How to Incorporate in West Virginia!
West Virginia Secretary of State – Business Division
1900 Kanawha Boulevard East
Building 1, Suite 157-K
Charleston, WV 25305-0001
Statutory Authority: West Virginia Business Corporation Act — W. Va. Code § 31D (2012)
West Virginia Incorporation General Filing Instructions
1. Confirm availability of company name and reserve if necessary.
2. Complete the “Articles of Incorporation.”
3. Submit the completed documents, along with a photocopy and your filing fees, to the West Virginia Secretary of State.
West Virginia Articles of Incorporation
The following information is legally necessary and sufficient to form a for-profit corporation in West Virginia:
1. Company name
2. Principal office address
3. Company mailing address
4. Registered agent name and address
5. Email address where business correspondence may be received
6. Type of corporation
7. Total value of all authorized stock; quantity and par value of authorized shares
8. Business purpose
9. Name and address of each incorporator
10. Number of acres of land held or expected to be held in West Virginia
11. Contact person name and telephone
12. Printed name and signature of each incorporator
West Virginia Incorporation Fee Schedule
Application for Name Reservation: $15.00
Articles of Incorporation: $50.00
Certificate of Authority: $100.00
Certified Copy: $15.00
Annual Report: $25.00
Articles of Dissolution: $25.00
Your company name must end with a corporate designator. In West Virginia the specific corporate designators are: “Incorporated” “Corporation” “Company” “Limited” “Inc.” “Corp.” “Co.” “Ltd.”
Conduct an entity name search on the West Virginia Secretary of State’s website to confirm the availability of your company name.
If the name you want is available you can reserve it for 120 days by filing an “Application for Name Reservation” and paying a name reservation fee of $15.00. NOTE: Reserving your company name is optional.
The registered agent maintains a physical presence in the state to accept service of process, annual report notices, and other communications directed to the company and to forward the same to the company to which the service, notice, or communication is directed.
West Virginia requires that every business entity have and maintain a registered agent in the state.

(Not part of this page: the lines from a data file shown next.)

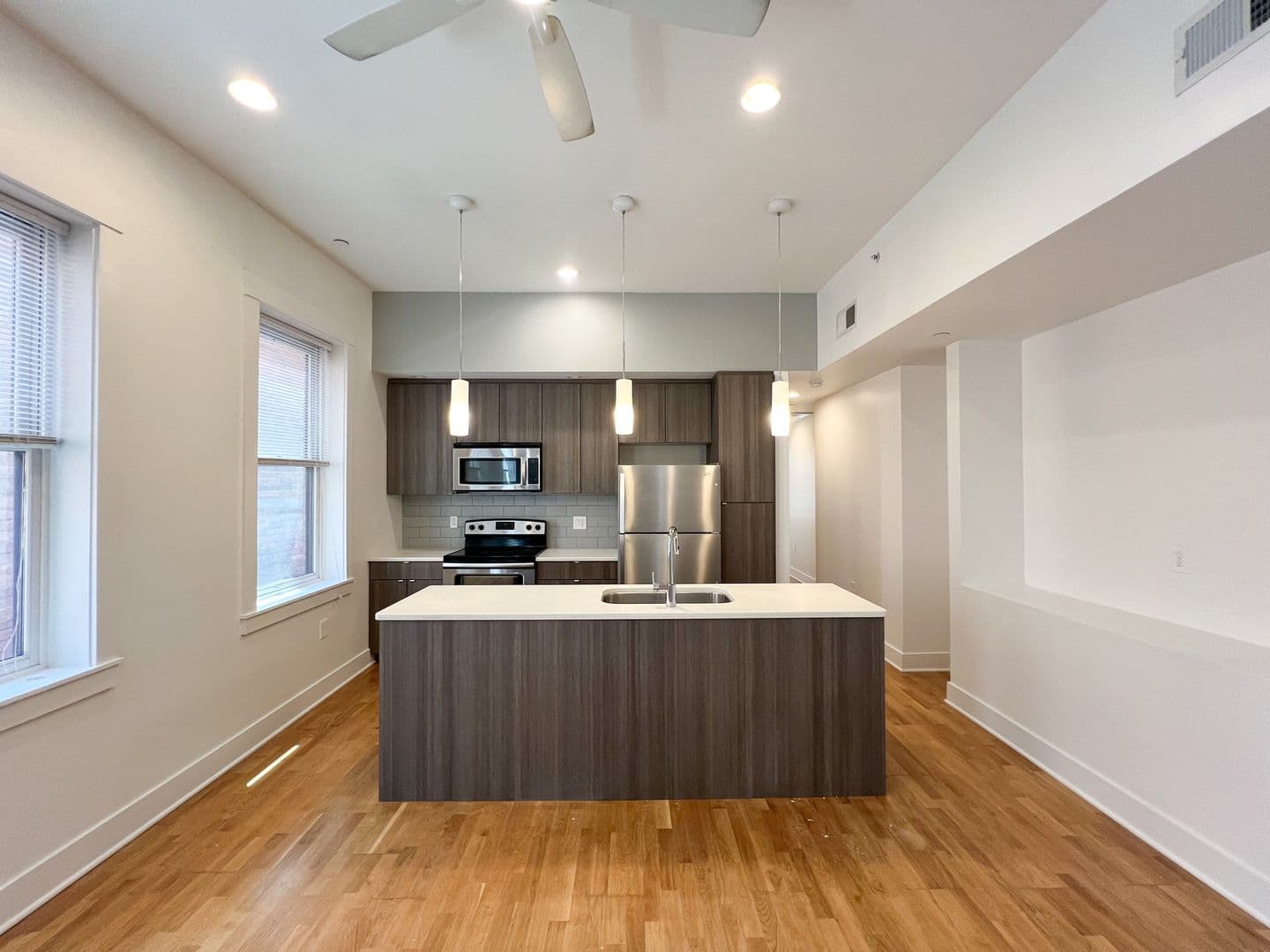 Cincinnati Apartment: 1216 Broadway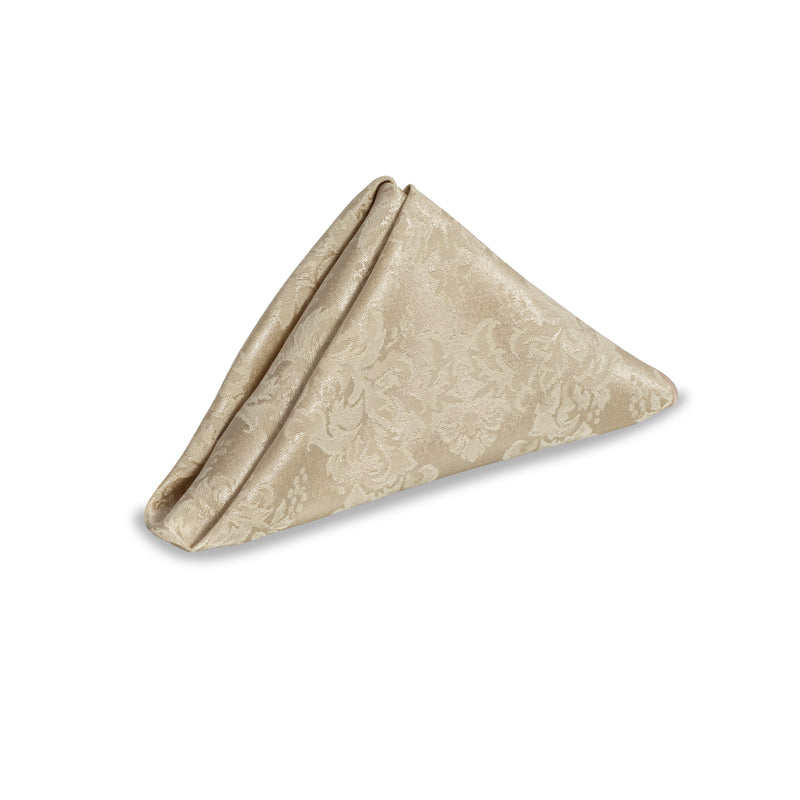 Kensington Wheat Damask Napkin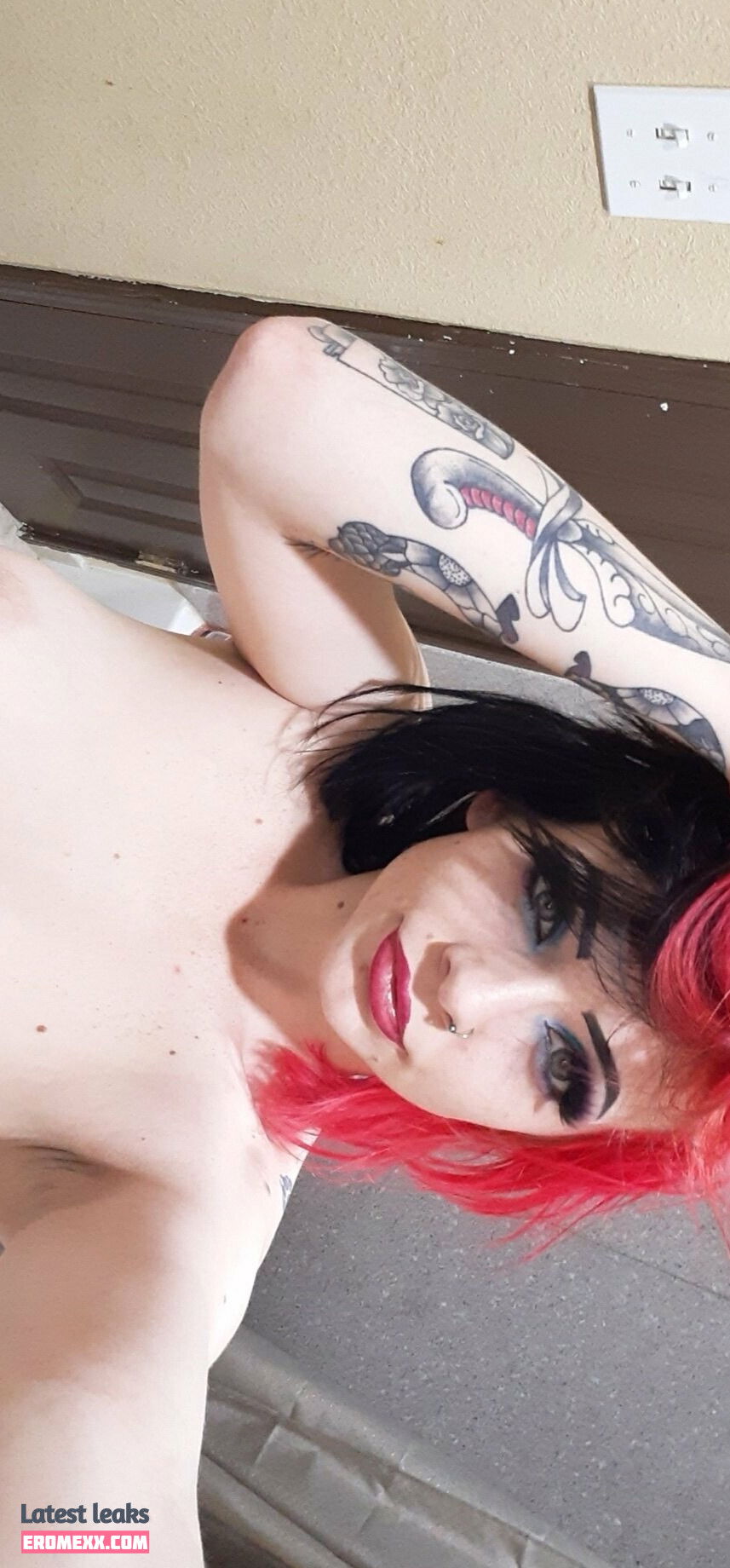 Latest Leaks venomroseexotic Nude #131 - Fapello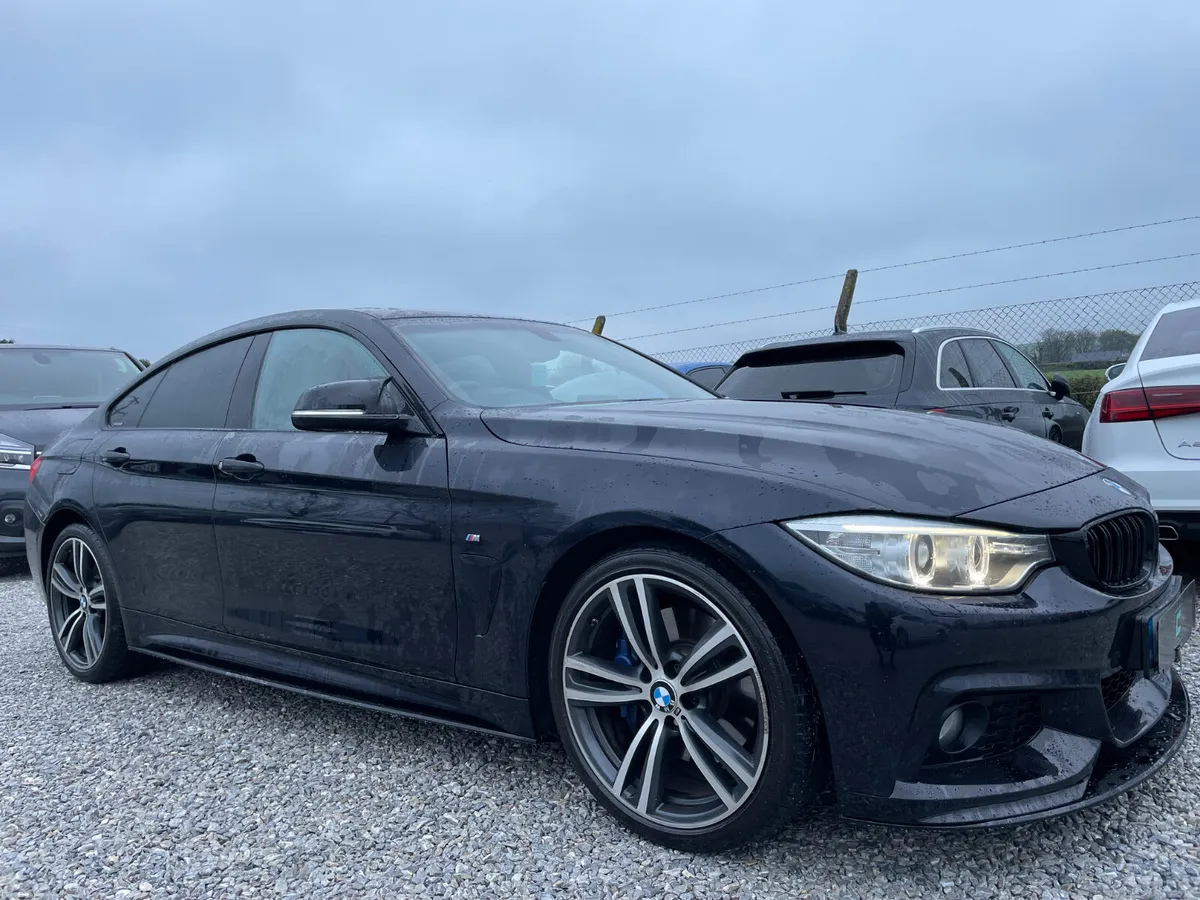 BMW 4-Series M-Sport - Image 2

The registered agent may be either a West Virginia resident or active West Virginia business entity that has a West Virginia street address and consents to accept legal papers on your company’s behalf. Post office boxes and commercial personal mailboxes are not acceptable.
NOTE: Your company should not serve as its own registered agent. You can, however, personally serve as registered agent provided you are a West Virginia resident and have a West Virginia street address.
The state provided forms ask for and specify what is legally sufficient and necessary to form a West Virginia corporation. Nevertheless, West Virginia permits you to add other provisions to your Articles of Incorporation as an attachment.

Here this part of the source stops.